So, long story short, I’ve been seriously considering moving back to Latin America for a spell. Believe it or not, this is a wholly new idea for me: it never even occurred to me over the last year, which–of course–says something. And then one day I just woke up with the strong, deep, compelling desire to do so. I wish I could pinpoint exactly what planted the idea in my mind, but I don’t remember. Something in the last few weeks. In fact, a lot’s been going on the last few weeks, new winds blowing through and old ones finally leaving. At this point, I really just need to decide if this is a wise or addle-headed decision and then get on with it already–either take off or take another direction in my life here. I can’t live with the ambivalence–I must make a decision! And I must stop caring about what other people think and learn to trust myself.
Depending on whether another opportunity works out for me, I could go around October, or it could be as soon as May.
In related news, I’ve decided that the perfect life for me would be to work as a teacher and travel every summer. So, the ideal partner would be either another teacher or someone who can work remotely. This setup is so perfect for me that I can’t understand why it never dawned on me earlier or why I resisted it.

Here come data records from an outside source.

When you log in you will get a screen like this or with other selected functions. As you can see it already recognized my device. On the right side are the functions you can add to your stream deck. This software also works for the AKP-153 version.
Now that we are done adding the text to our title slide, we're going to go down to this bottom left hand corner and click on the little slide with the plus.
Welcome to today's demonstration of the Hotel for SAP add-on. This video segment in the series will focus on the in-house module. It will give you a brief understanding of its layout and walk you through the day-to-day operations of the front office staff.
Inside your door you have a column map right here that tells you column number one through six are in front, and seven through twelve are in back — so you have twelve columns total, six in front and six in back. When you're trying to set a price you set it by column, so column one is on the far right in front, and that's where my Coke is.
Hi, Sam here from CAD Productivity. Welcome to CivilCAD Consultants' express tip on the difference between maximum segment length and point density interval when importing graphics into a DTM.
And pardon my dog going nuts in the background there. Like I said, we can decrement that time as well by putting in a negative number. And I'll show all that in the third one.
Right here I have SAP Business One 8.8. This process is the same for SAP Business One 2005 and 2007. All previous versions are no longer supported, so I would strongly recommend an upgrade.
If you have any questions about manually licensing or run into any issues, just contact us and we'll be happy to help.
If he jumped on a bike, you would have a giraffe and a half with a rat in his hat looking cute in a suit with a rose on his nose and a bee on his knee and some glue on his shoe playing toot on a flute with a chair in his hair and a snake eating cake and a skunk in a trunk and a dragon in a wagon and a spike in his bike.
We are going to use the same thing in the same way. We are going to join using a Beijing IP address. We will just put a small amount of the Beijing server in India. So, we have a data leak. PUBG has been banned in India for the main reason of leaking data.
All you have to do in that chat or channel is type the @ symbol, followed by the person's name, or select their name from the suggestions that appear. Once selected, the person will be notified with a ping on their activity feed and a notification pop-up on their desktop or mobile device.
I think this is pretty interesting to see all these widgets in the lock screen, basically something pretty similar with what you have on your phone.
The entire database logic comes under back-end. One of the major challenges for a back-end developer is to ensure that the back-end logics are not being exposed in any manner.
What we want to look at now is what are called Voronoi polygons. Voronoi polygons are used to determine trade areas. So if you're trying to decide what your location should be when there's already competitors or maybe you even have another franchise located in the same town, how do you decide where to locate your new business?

Of course, I will keep on translating and interpreting as well. And lots of dancing, cooking, and reading. And I will study more languages. Yes, this would be a life of bliss and meaning for me. Still, there are many questions. High school or college? City or countryside? Live in the U.S. and spend three months every year abroad or live abroad and spend three months every year in the U.S., periodically switching things around? Cats or dogs? But I don’t fret; everything will be made clear with time.
What does a life well lived look like to you?